Hi new user here although I've been lurking trying to find answers to my issue!
I'm relatively new to bioinformatics but have been working on analyzing data from an ATAC-Seq experiments in Arabidopsis.
I'm having issues with my data not piling up around TSS like ATAC-Seq data should.... I've tried everything I can and asked 4 colleagues and no one has any idea what happened to my data.
Here's the basic pipeline for my analysis:
Trimming reads:
bbduk.sh in=read1.fq.gz in2=read2.fq.gz out=Read1.trimmed.fq.gz out2=Read2.fq.gz ftr=49 tossbrokenreads
Result:
Input: 71468752 reads 10720312800 bases.
FTrimmed: 71468752 reads (100.00%) 7146875200 bases (66.67%)
Total Removed: 0 reads (0.00%) 7146875200 bases (66.67%)
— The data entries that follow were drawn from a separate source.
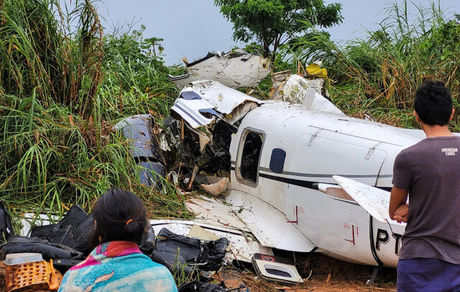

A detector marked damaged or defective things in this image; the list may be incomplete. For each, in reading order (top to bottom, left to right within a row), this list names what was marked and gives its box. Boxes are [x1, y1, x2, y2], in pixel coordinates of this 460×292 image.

crashed small airplane [164, 75, 452, 274]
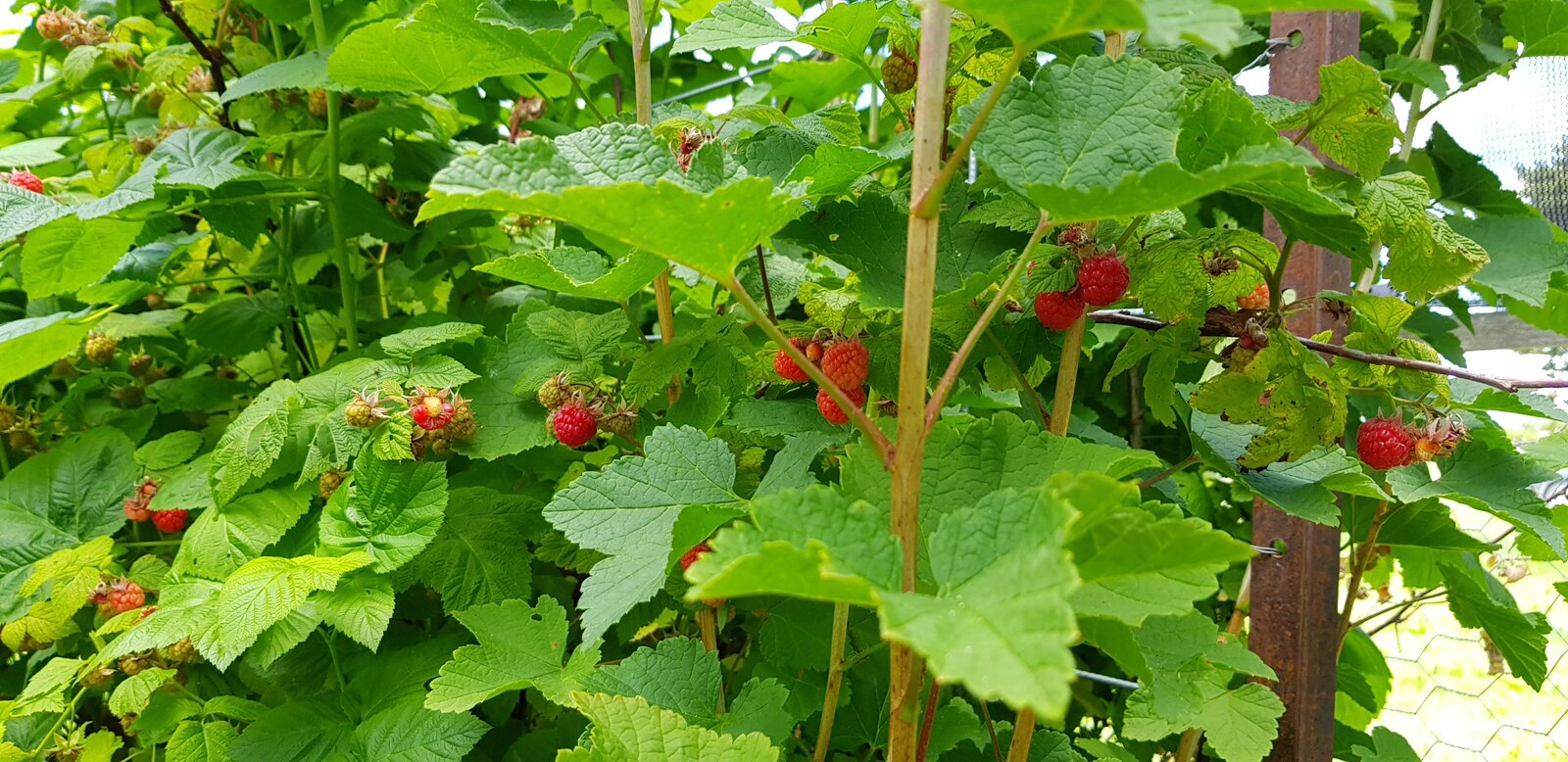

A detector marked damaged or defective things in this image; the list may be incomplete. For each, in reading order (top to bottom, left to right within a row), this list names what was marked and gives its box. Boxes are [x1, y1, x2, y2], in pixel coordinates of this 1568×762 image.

rusty metal post [1248, 12, 1360, 762]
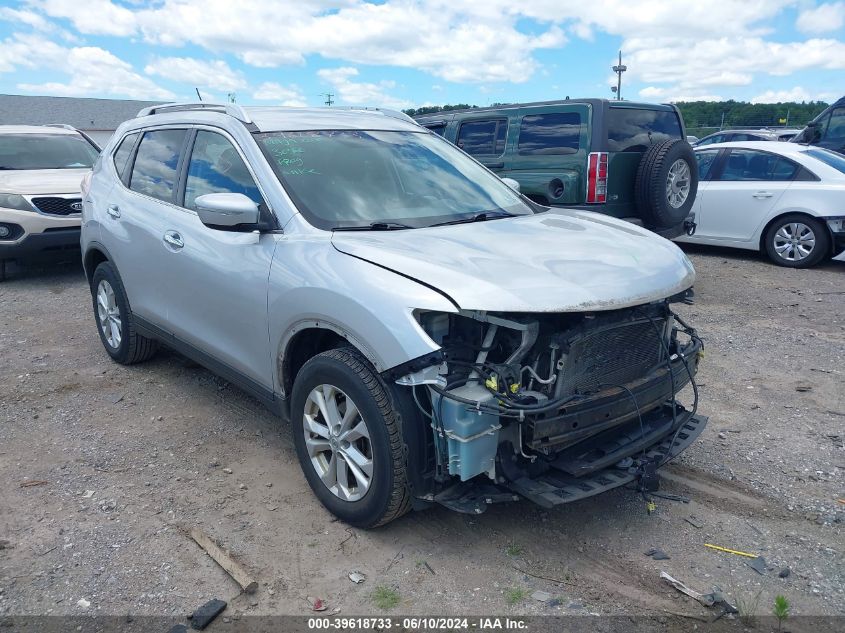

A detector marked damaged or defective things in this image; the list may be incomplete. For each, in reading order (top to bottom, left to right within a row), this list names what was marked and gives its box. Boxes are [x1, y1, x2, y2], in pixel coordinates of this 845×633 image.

crumpled hood [0, 168, 88, 195]
crumpled hood [332, 211, 696, 312]
front end damage [392, 298, 704, 512]
damaged headlight area [402, 298, 704, 512]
Result: 71468752 reads (100.00%) 3573437600 bases (33.33%)
Alignment:
./bowtie -X 1000 -t -p 10 -v 2 -m 3 -y -a tair10 -1 Read1.trimmed.fq.gz -2 Read2.trimmed.fq.gz -S aligned.sam > aligned.txt
Result:
reads processed: 44774133
reads with at least one reported alignment: 33483782 (74.78%)
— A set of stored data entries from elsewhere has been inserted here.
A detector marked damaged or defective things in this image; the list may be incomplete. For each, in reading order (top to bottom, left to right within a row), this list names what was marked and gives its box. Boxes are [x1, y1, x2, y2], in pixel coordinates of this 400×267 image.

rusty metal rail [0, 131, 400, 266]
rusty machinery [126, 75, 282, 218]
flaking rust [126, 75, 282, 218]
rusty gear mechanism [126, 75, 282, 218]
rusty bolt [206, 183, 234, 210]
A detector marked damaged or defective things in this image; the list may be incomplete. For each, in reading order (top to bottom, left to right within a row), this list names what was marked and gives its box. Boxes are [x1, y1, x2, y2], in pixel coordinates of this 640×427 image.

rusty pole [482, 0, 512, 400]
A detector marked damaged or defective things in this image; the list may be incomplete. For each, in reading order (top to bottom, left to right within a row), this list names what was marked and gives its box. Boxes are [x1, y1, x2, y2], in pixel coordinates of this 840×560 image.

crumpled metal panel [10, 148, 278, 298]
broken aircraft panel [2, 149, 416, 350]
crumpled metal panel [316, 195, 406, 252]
reads that failed to align: 11290351 (25.22%)
reads with alignments suppressed due to -m: 2648269 (5.91%)
Reported 41506698 paired-end alignments
Sorted, removed chloroplastic and mitochondrial reads, and then removed PCR duplicates with Samtools
Converted .bam files to .bed files with bamToBed
Shifted reads for Tn5 integration sites:
awk 'BEGIN {OFS = "\t"} ; {if ($6 == "+") print $1, $2 + 4, $2 + 5, $6; else print $1, $3 - 6, $3 - 5, $6}' FILE.rmdup.bed > FILE.Tn5.bed
Called peaks using MACS2:
macs2 callpeak -t FILE.Tn5.bed -f BED -g 150000000 --nomodel --keep-dup all --extsize 150 --shift -75 --qvalue 0.01 -n FILE --outdir /macsoutput
I've included a picture of the TSS graph generated using ChipSeeker in R.
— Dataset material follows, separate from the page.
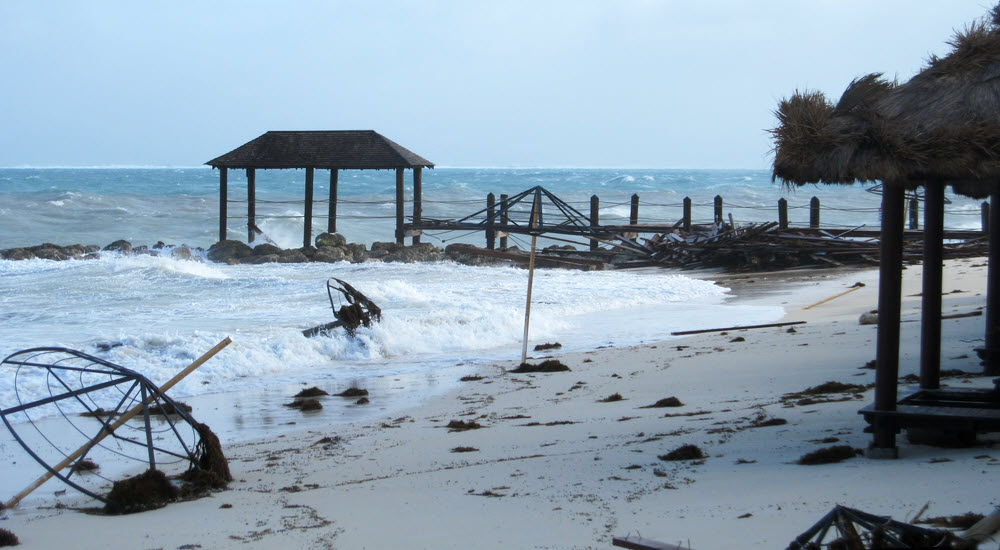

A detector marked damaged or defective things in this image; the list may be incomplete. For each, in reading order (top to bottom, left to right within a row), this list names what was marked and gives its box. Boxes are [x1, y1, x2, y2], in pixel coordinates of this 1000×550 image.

Does anyone have ANY idea why this happened? It looks like what I would expect from RNA Seq data...
I'm definitely no ATAC-seq expert, but I'm not familiar with the "shifting" step, what is the purpose of this step? I've always had pretty good luck just following this pipeline from ENCODE:
https://www.encodeproject.org/documents/0eb389f9-d23d-4053-b25b-1e2826ee5a86/@@download/attachment/ATACpipelineV7.pdf
The ends of the reads are where Tn5 bound chromatin and inserted sequencing adapters, giving rise to the observed sequences. Thus, sequencing reads flank accessible chromatin. Tn5 binds 9 bp of DNA. That’s why we adjust the coordinates +4 for positive strand reads, and -5 for negative strand reads.